Bringing Back The Mysterious Press
As has been widely reported, Otto Penzler and his well-traveled imprint is on the move again, after being domiciled at Houghton Mifflin Harcourt for the past six years. As of Fall 2011, he’ll publish 10-12 titles a year with Grove/Atlantic, but the books will be branded with a very familiar name: yes, The Mysterious Press is returning, as Penzler re-acquired the rights to the name from Hachette Book Group, which (as Warner Books) bought the original name (and press) back in 1989.

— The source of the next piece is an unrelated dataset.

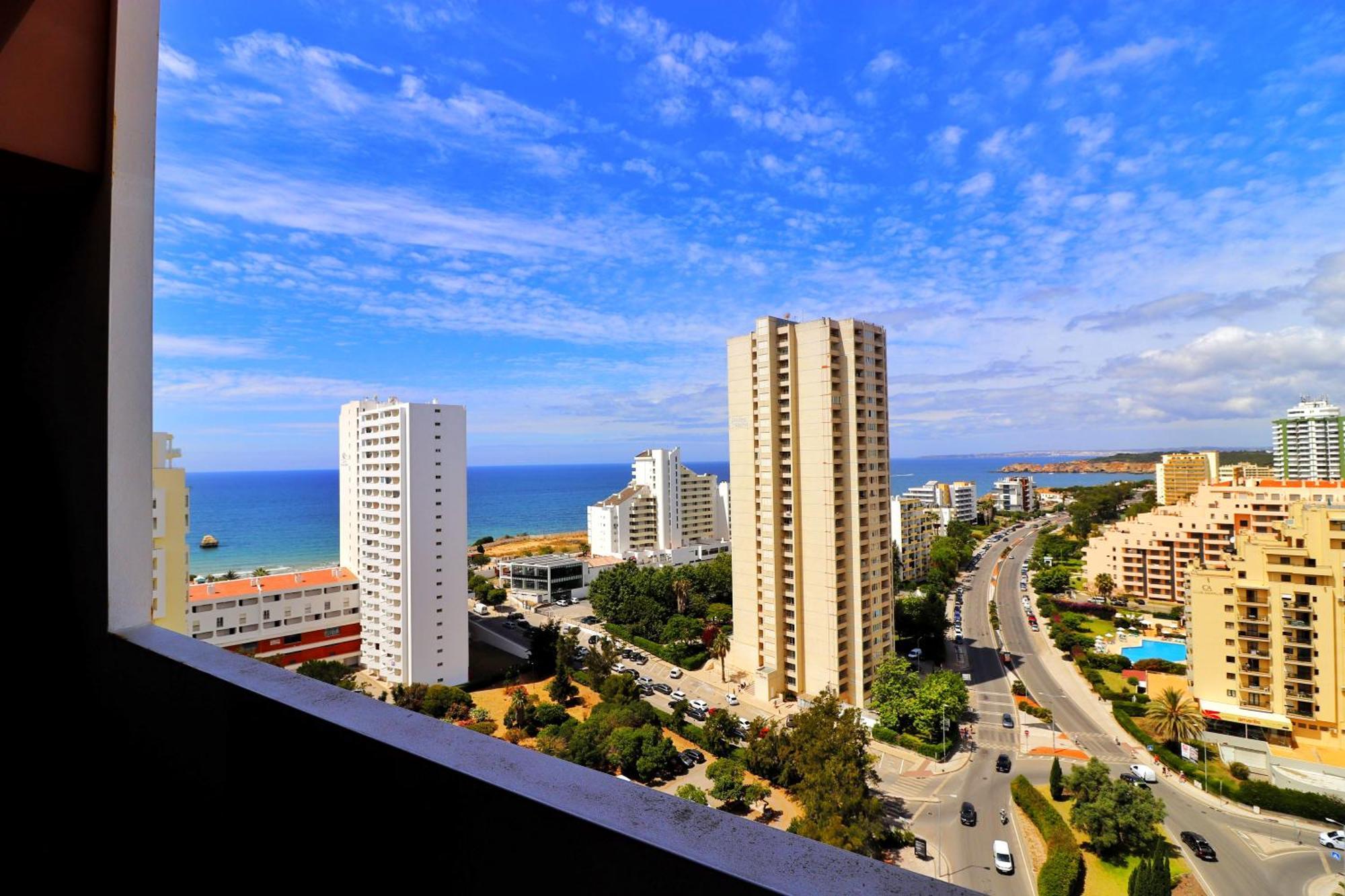 Towernarocha Apartman Portimão Kültér fotó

That already sounds like a mouthful, but the story is a lot more complicated from a publishing standpoint. That’s because Penzler has often tied his publishing fortunes to longtime friend Anthony Cheetham, who is close to the nine life professional limit in the UK. Cheetham and Penzler first started working together around 30 years ago, when Cheetham, who was then with Random House UK, licensed the UK rights to the Mysterious Press list. Then Cheetham nearly set the venture up again at Century/Arrow before things worked out at Quercus, and when Cheetham moved on to Corvus (part of Atlantic Books) so did Penzler.
The longstanding UK connection thus explains the Grove/Atlantic piece of the pie. But Entrekin, years ago, expressed to me that he was looking to acquire more crime fiction, adding to a stable that already includes Mo Hayder, Deon Meyer, Mike Lawson, Donna Leon, and John Lawton. (A stable, I might add, that is primarily edited by Jamison Stoltz.) Adding Penzler and his 10-12 books a year will certainly do that. The trick will be whether the revamped Mysterious Press can freshen up with some new blood, or if current and longtime Penzler amigos like Thomas H. Cook, Andrew Klavan, Thomas Perry, and John Harvey will follow him to Grove/Atlantic.
It also remains to be seen what will happen at HMH. The deal for Penzler’s imprint was done on the Harcourt side, pre-merger; joining Houghton Mifflin and Harcourt together also brought the imprint under the same auspices as the “Best American” anthology series, for which Penzler oversees the Best American Mystery Stories on an annual basis. Now that HMH doesn’t have 6-8 slots a year going to Penzler’s titles, that frees the publisher to diversify their own crime fiction list, if they choose (and my understanding is that this will be the case.) At the moment, non-Penzler crime writers include Inger Ash Wolfe, Elly Griffiths, Karin Fossum, and Sara Gran. Further titles will likely reflect the sensibility of these books.
In other words, Penzler’s peripatetic state (to steal the headline from Publishers Lunch) appears to benefit both HMH and Grove/Atlantic, but it may well benefit crime fiction readers the most. That, however, depends on all the books being published well – no matter the format, no matter who’s responsible.